_Work required_.
Your task is to copy exactly the lines from the line containing "388 Prince Of Wales Dr #1911 — Photo 16" through the end of the listing below, with pictures left out.

_Material provided_.
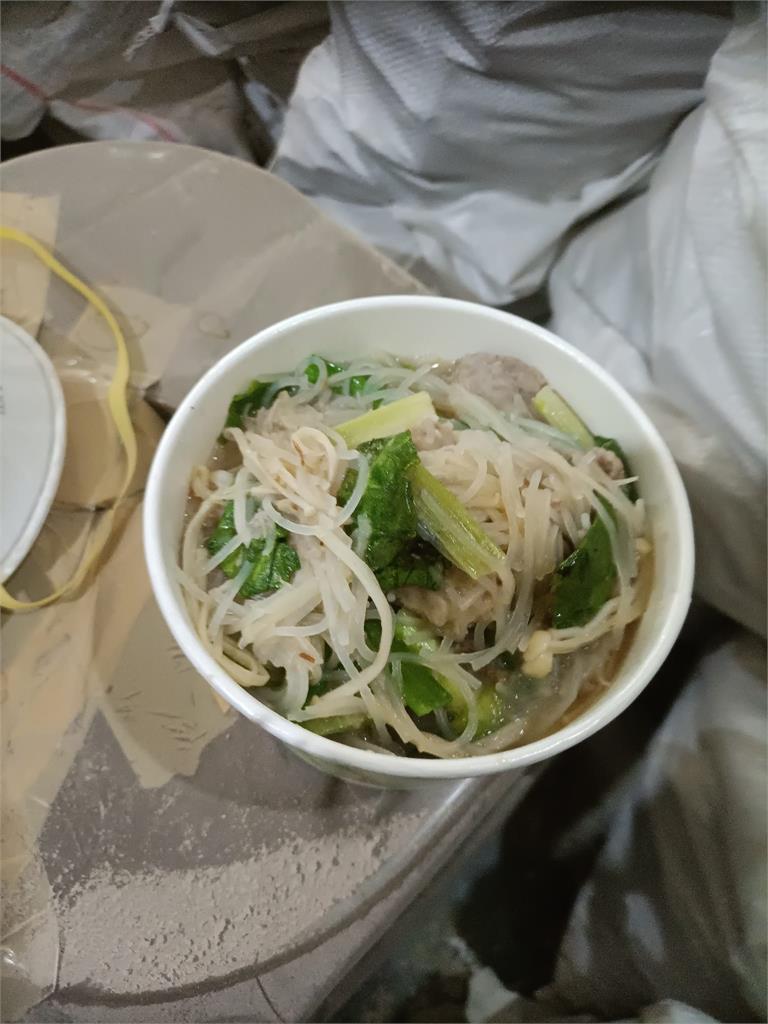 溫暖款待！屋主阿嬤端一大鍋芋頭米粉餵食　裝修師傅感動：想起我阿母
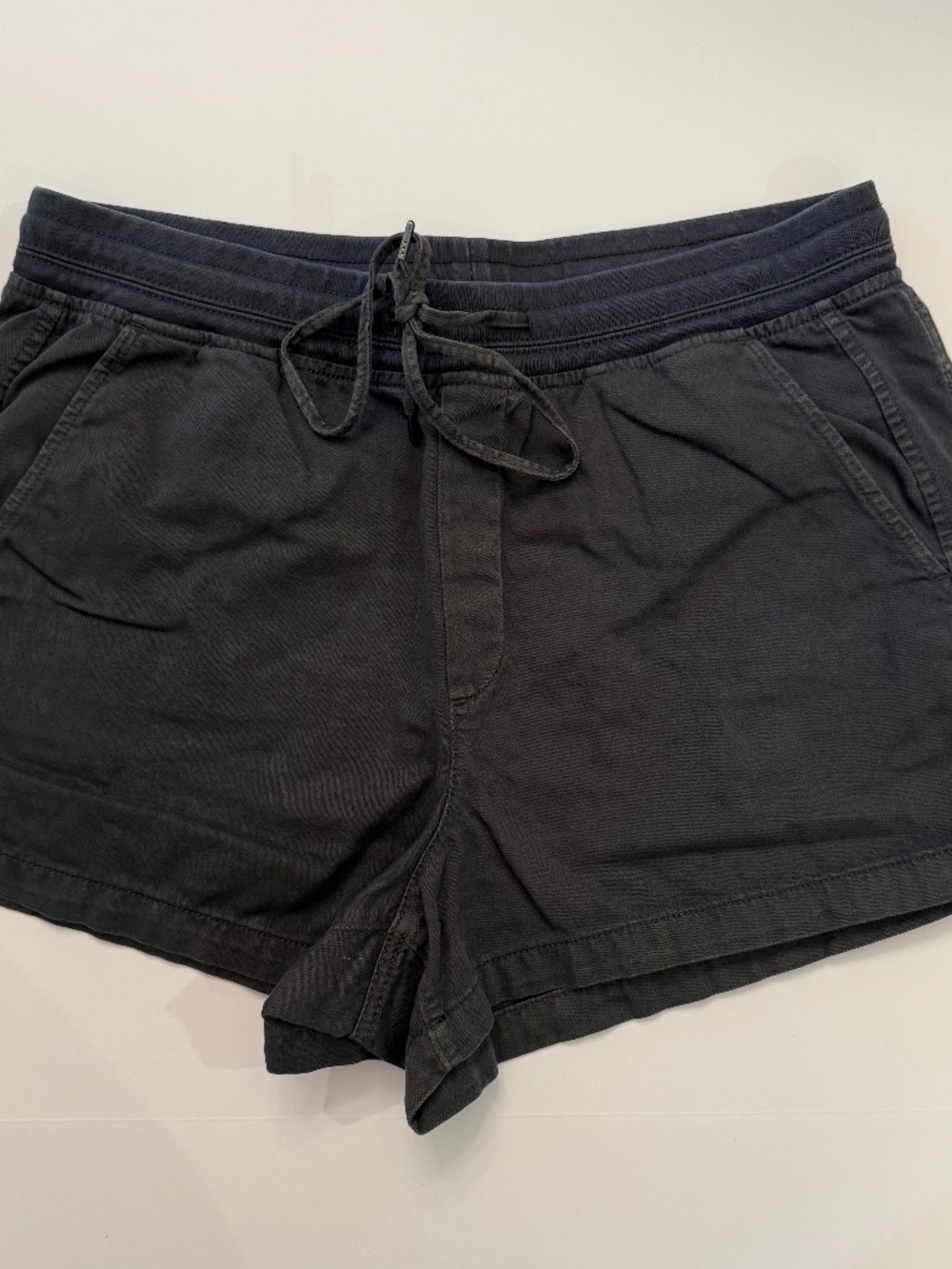GAP washed black shorts, size L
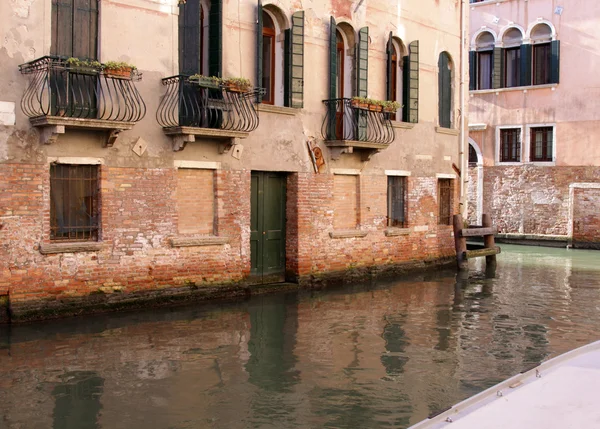 ヴェネツィアのバルコニー — ストック写真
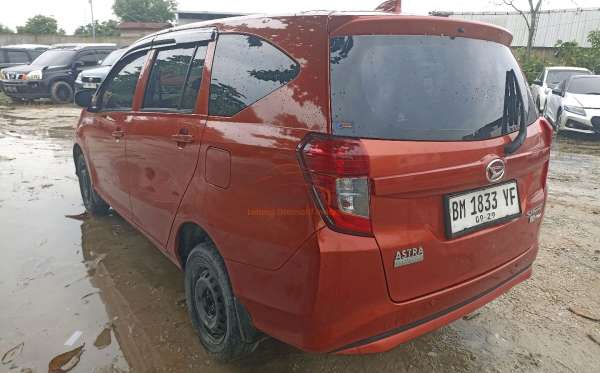 DAIHATSU SIGRA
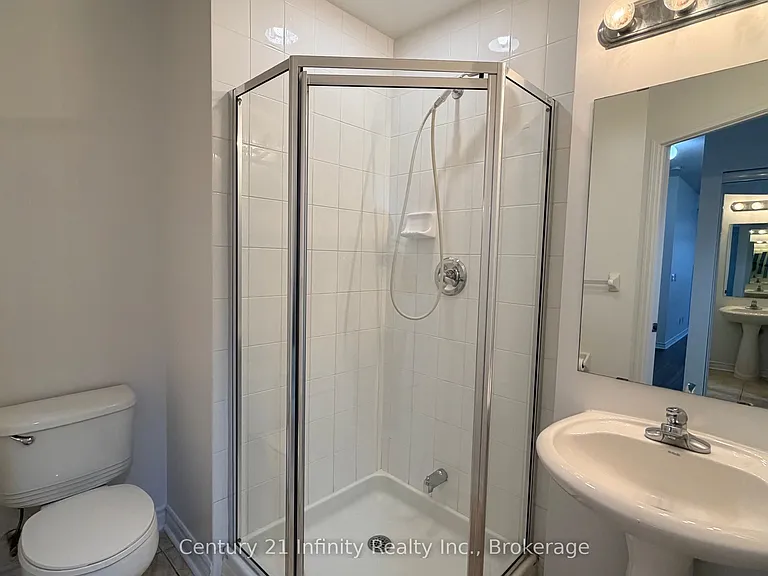 388 Prince Of Wales Dr #1911 — Photo 16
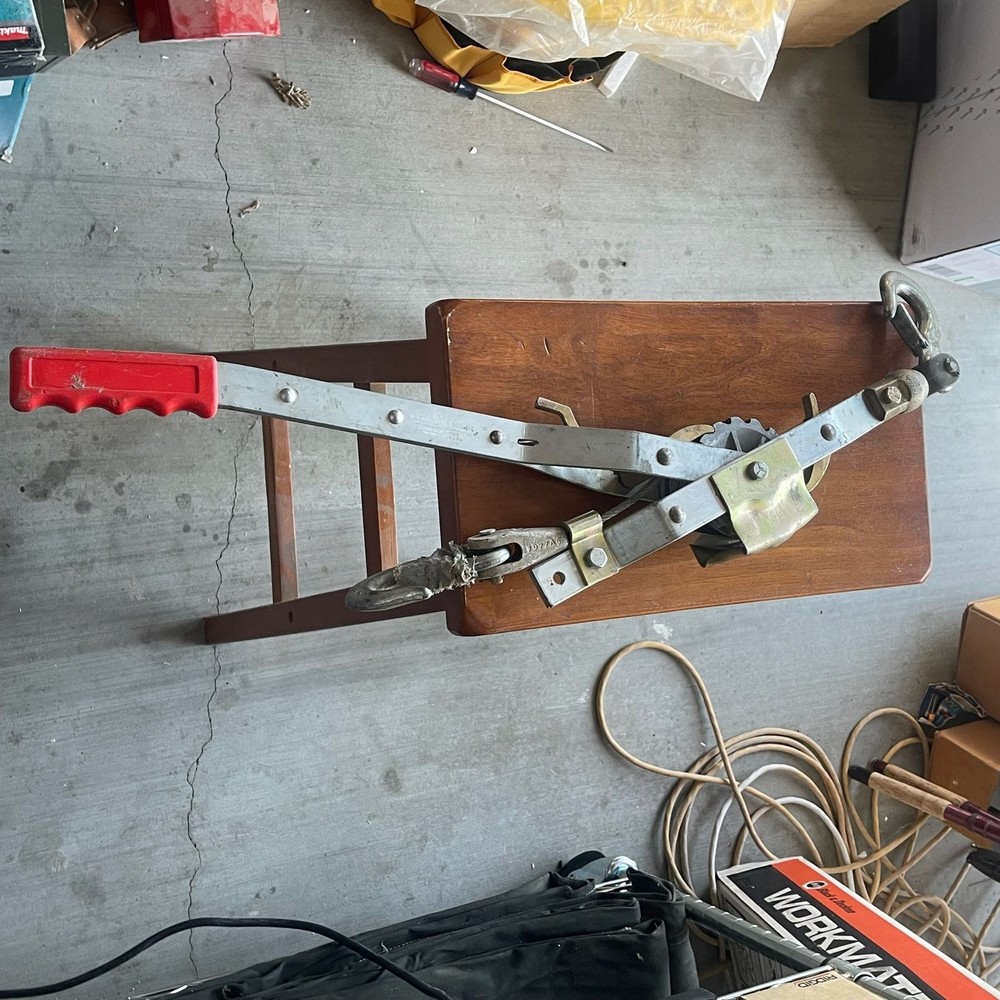 Maasdam Pow'R-Pull Model 144SB 1-Ton Capacity Cable Puller Come Along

_Solution below_.
 388 Prince Of Wales Dr #1911 — Photo 16
 Maasdam Pow'R-Pull Model 144SB 1-Ton Capacity Cable Puller Come Along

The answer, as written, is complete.